Call it the Obama doctrine. The central theme of Barack Obama’s foreign policy to date has been simple: He wants to lower the risk that a nuclear weapon will be exploded inside the United States. Think back. Obama’s first foreign policy address, delivered in Prague last April, called for a nuclear-free world—not a short-term practical goal, of course, but an ideal meant to shape our thinking and discourse. His top strategic priorities are stopping Iran from developing a nuclear bomb and stabilizing Afghanistan and Pakistan; Obama is investing billions of dollars and tens of thousands of U.S. troops in that region largely to ensure that Islamabad’s nuclear arsenal remains secure and out of the hands of jihadists. He convened a special meeting of the U.N. Security Council last fall to discuss the nuclear threat. He recently invested considerable prestige in the START treaty that mandates arms reductions with Russia. And he invited demagogic attacks from critics like Sarah Palin when he added new limitations to America’s nuclear-weapons doctrine.
Obama’s cool response to the Detroit underwear bomber showed that he doesn’t want America overreacting to the threat of conventional terrorism.

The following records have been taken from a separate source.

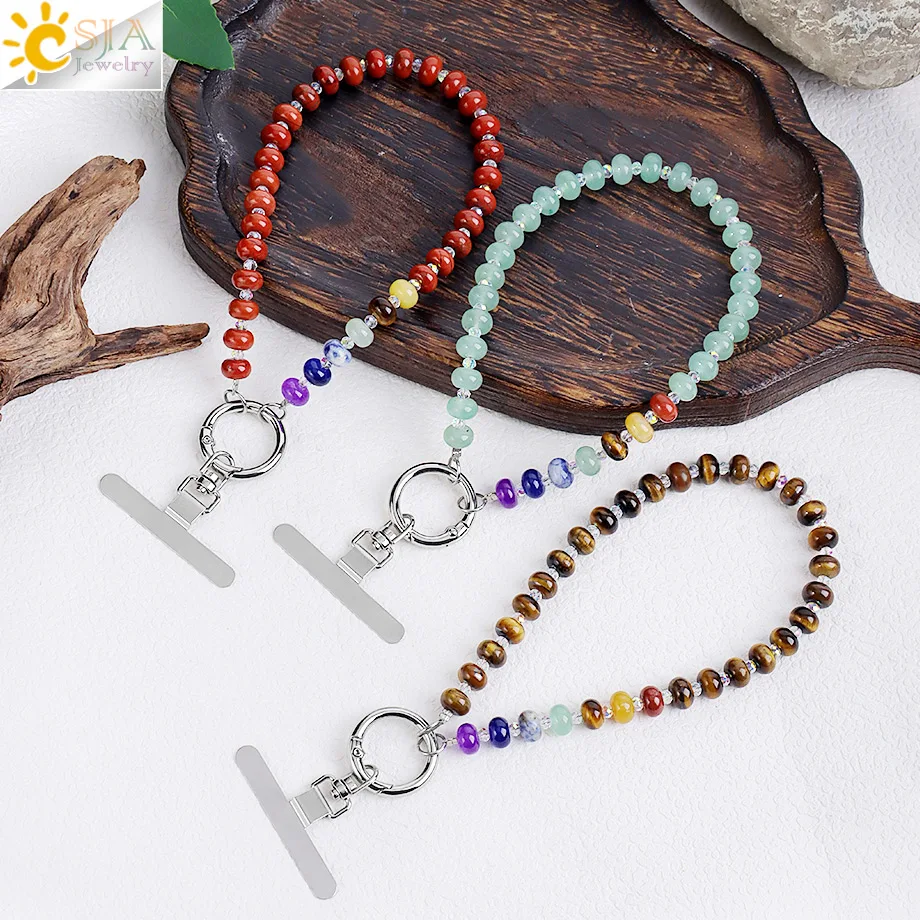 CSJA Advanced 7 Chakra Crystal Wheel Phone Chain Natural Stone Bead Boho Anti-Lost Lanyard Phone Case Bag Keychain Pendant H846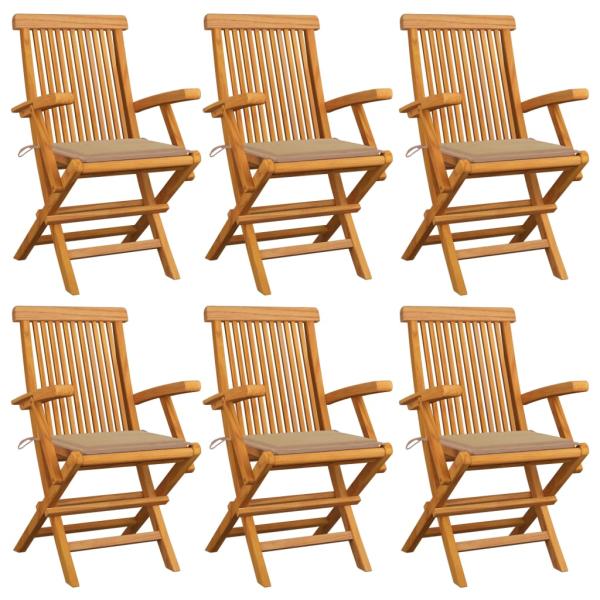 ARDEBO.de - Gartenstühle mit Beige Kissen 6 Stk. Massivholz Teak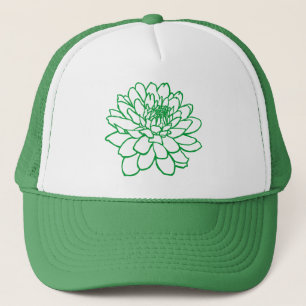 Chrysanthemum Drawing - Grass Green Trucker Hat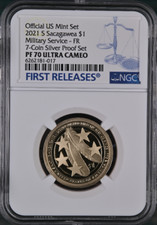 :2021 S $1 SACAGAWEA TWO FEATHERS MILITARY SERVICE NGC PF70 ULTRA-CAM TOP POP picture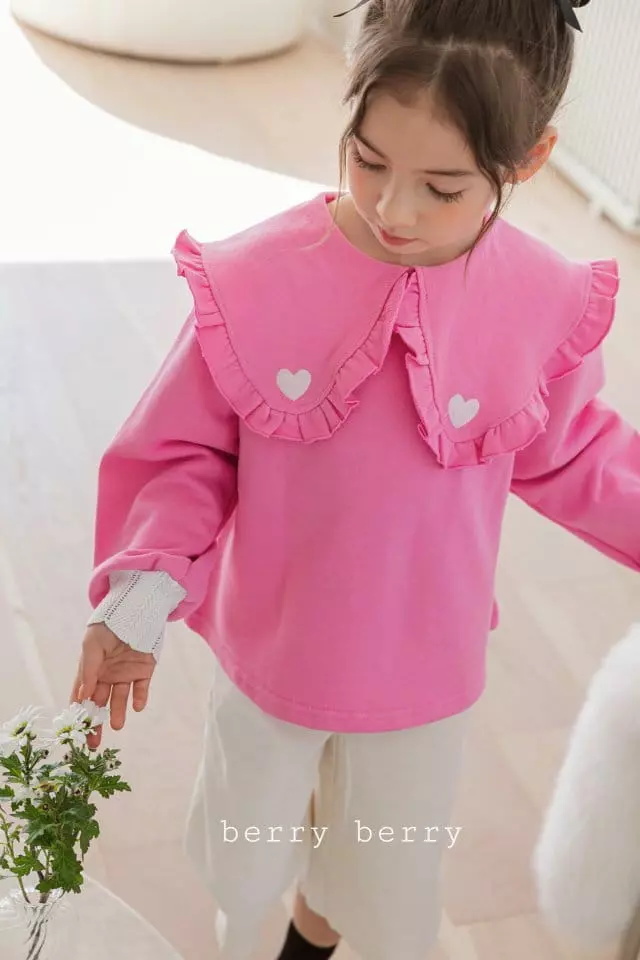 Berry Berry - Korean Children Fashion - #kidsstore - Heart Embroidery Tee - 2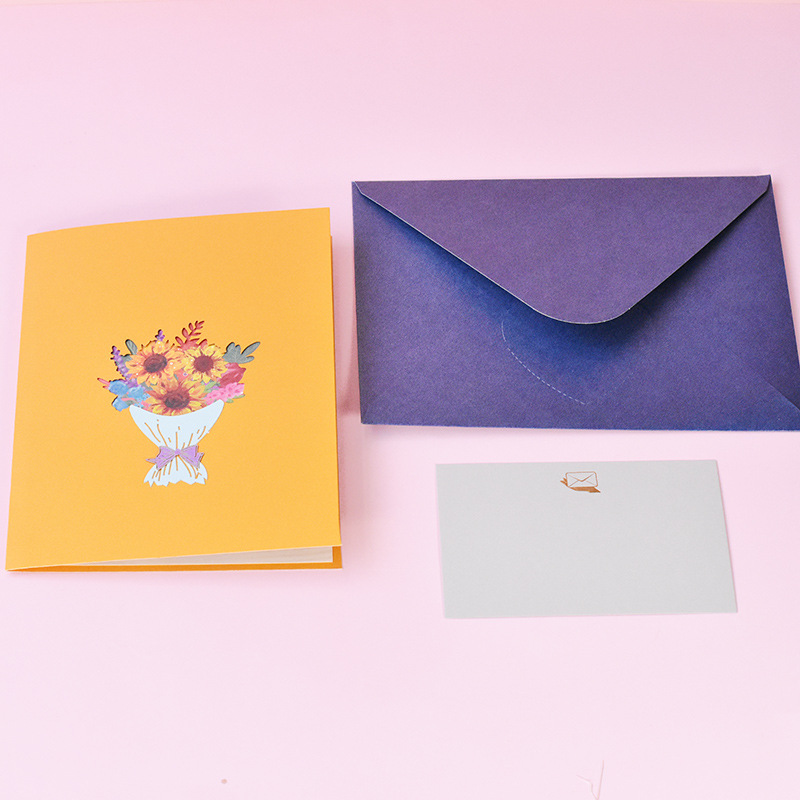 Picture of New Mother's Day Universal Greeting Card 3D Creative Flowers Handmade Card Paper Carving Color Printing Sun Flower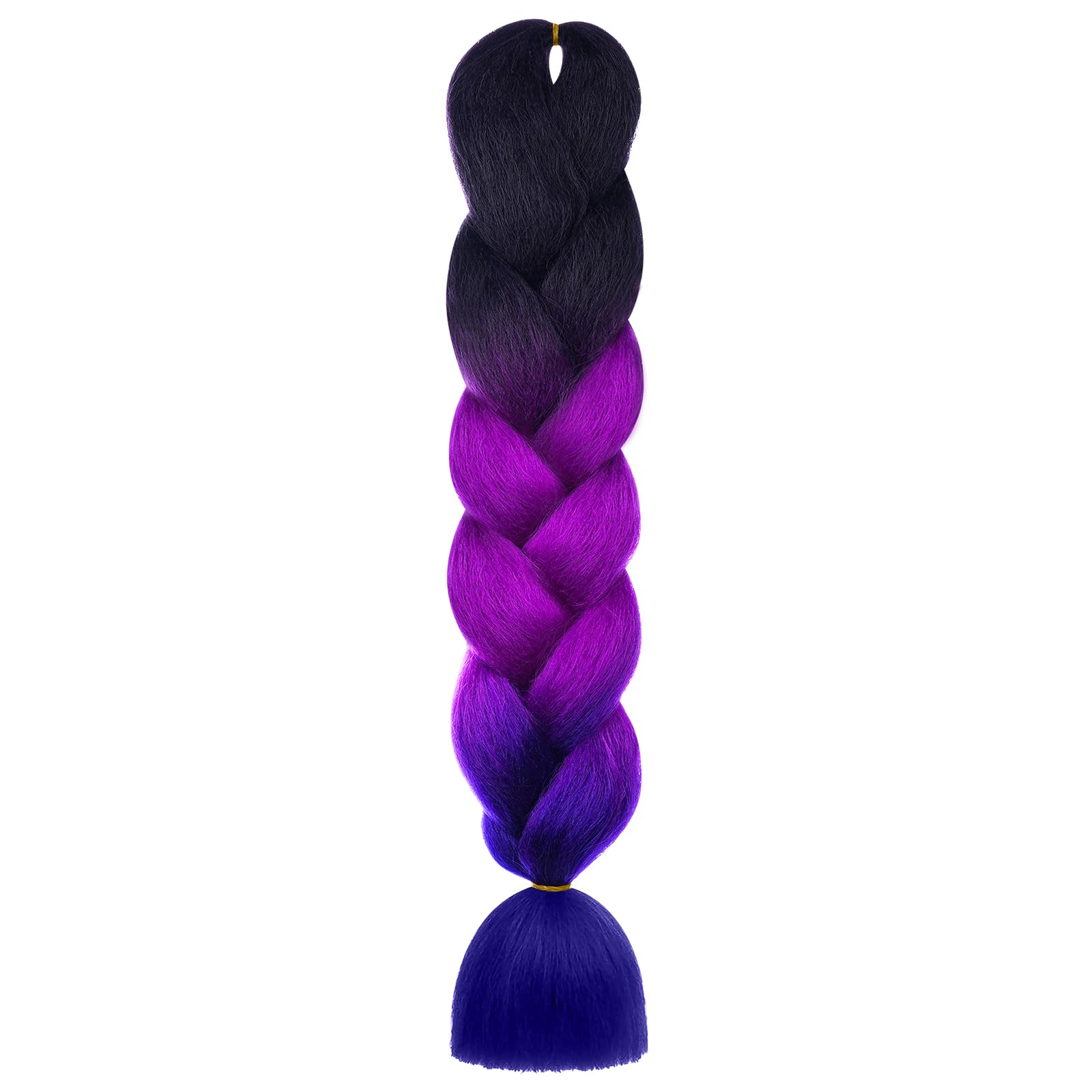 Aomig Extensiones para Trenzas, 24" Pelo Sintetico Trenzas de Pelo Trenzas Africanas Extensiones, 4 color Degradado Trenzas Postizas Sintético para Cabello Trenzado Torcido Morado/Azul lago/Morado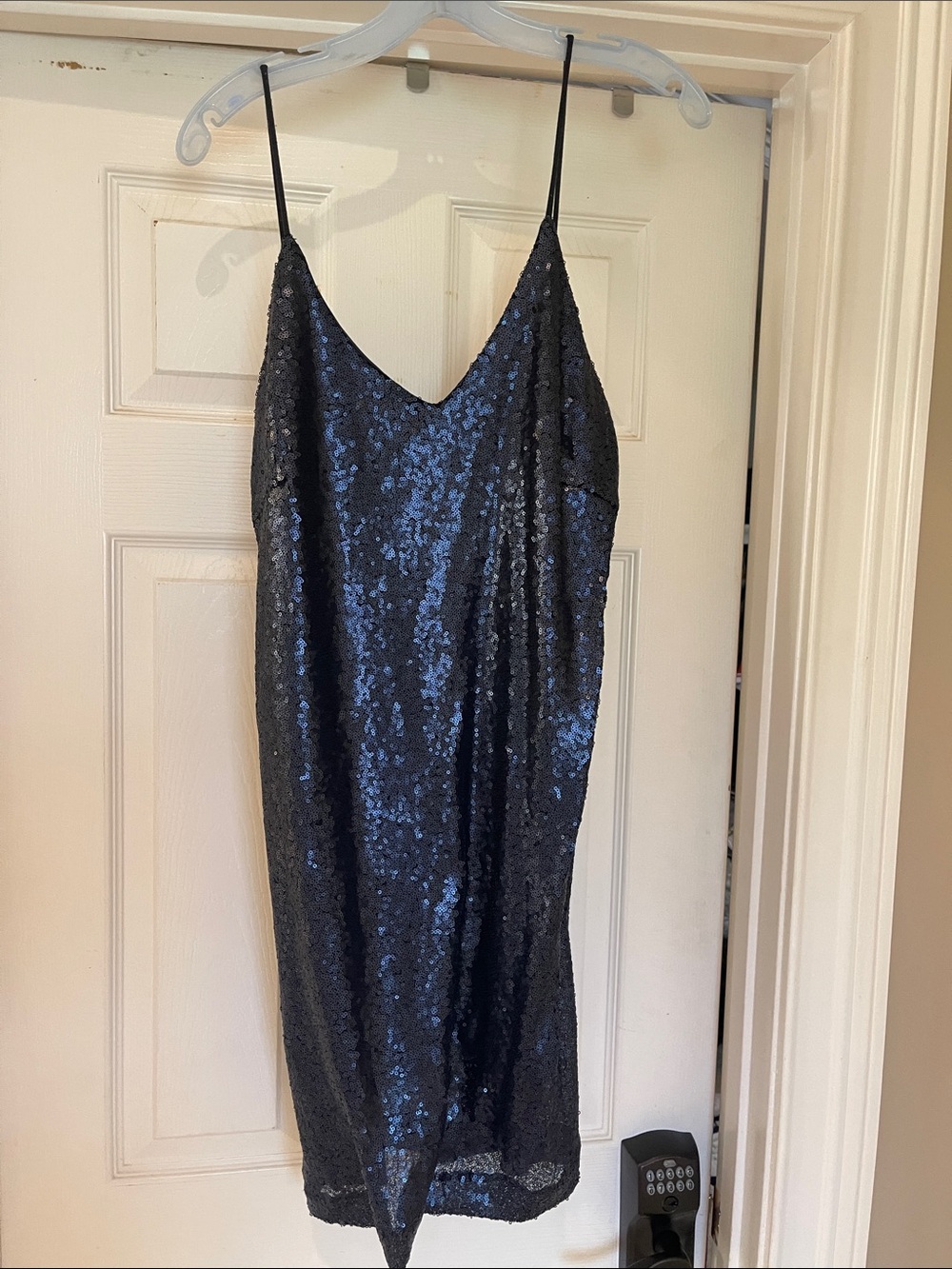 Sequin Slip Dress in Navy Blue - Elegant Evening Dress-N/w Tags -Sz-6!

But nuclear terror—that’s another matter. “It would be a catastrophe for the world,” Obama explained at the 47-nation nuclear summit he hosted in Washington this week. Groups like Al Qaeda are trying to acquire nukes, he warned, and would surely use a bomb if they got one. “The risk of a nuclear attack has gone up,” Obama said. Coming from Dick Cheney, words like that had a way of sounding like a scare tactic. Coming from Obama, they are genuinely scary.
Unfortunately, one summit won’t be enough to put our fears to rest. The Obama administration is billing this event as a huge leap forward for global nuclear security. Conservatives are sneering that it is a symbolic sideshow which sidesteps crucial issues like Iran’s nuclear program. Neither argument is quite right. The nuclear security summit will help to advance Obama’s new doctrine by focusing world attention on the nuclear threat, as well as achieving some tangible security steps. But some of the hardest work still lies ahead. And much of it does, in fact, have quite a lot to do with Iran.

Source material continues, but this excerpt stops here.